YOUR ASSIGNMENT>
Retype the whole listing, please, keeping every line exact and dropping the pictures.

DATA SECTION>
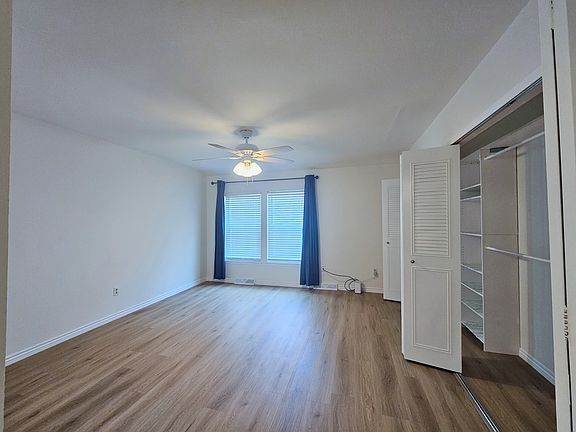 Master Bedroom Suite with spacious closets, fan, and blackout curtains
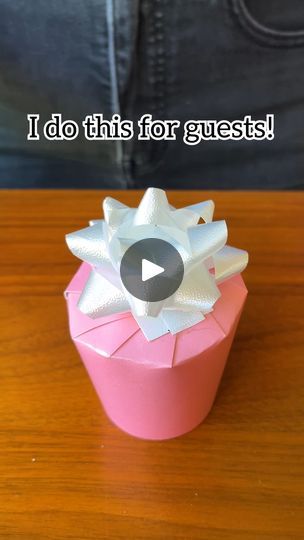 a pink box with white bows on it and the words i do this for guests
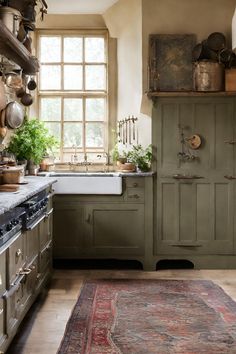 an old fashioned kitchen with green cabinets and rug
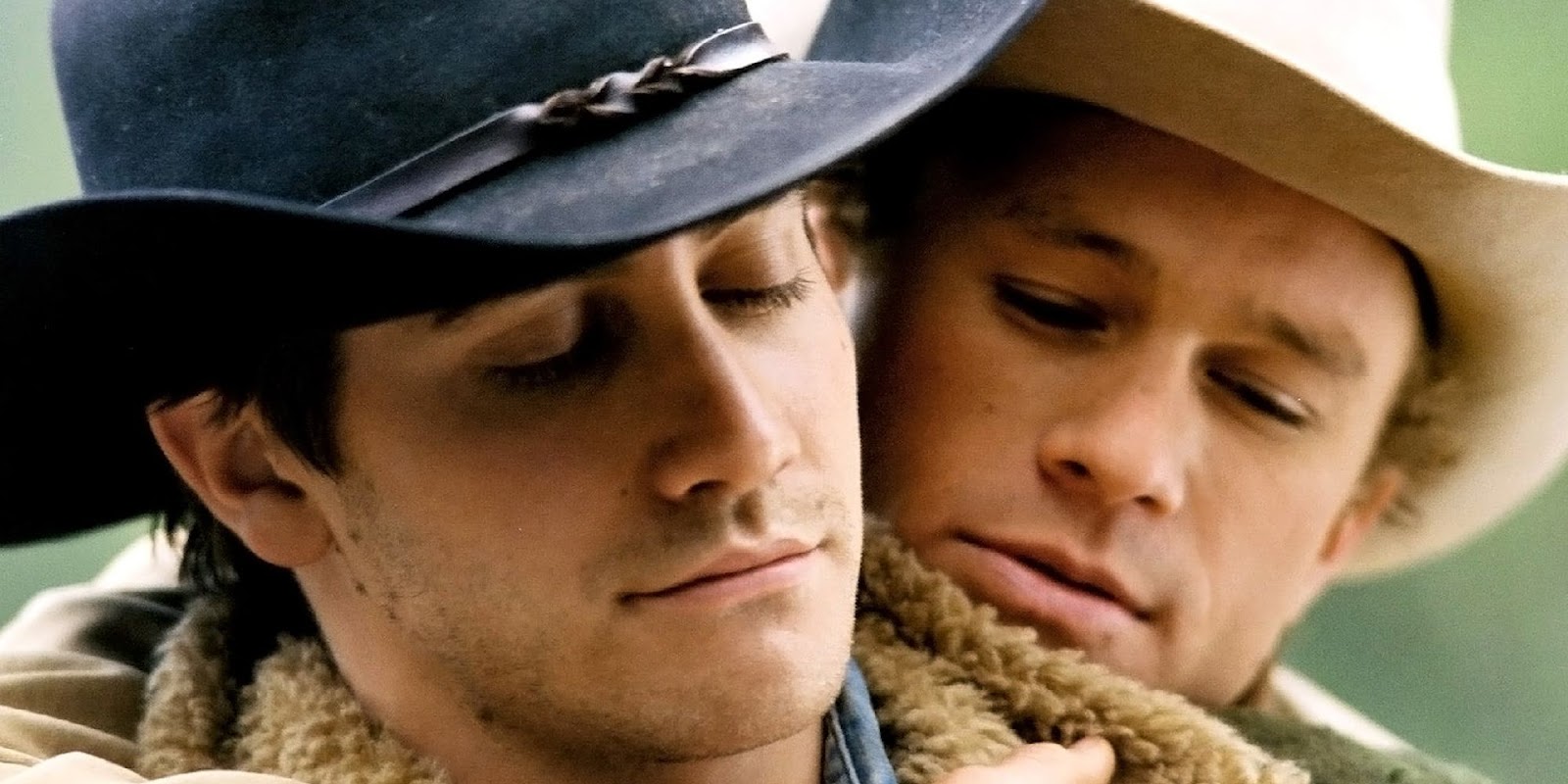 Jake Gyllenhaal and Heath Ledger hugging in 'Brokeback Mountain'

EXERCISE SOLUTION>
 Master Bedroom Suite with spacious closets, fan, and blackout curtains
 a pink box with white bows on it and the words i do this for guests
 an old fashioned kitchen with green cabinets and rug
 Jake Gyllenhaal and Heath Ledger hugging in 'Brokeback Mountain'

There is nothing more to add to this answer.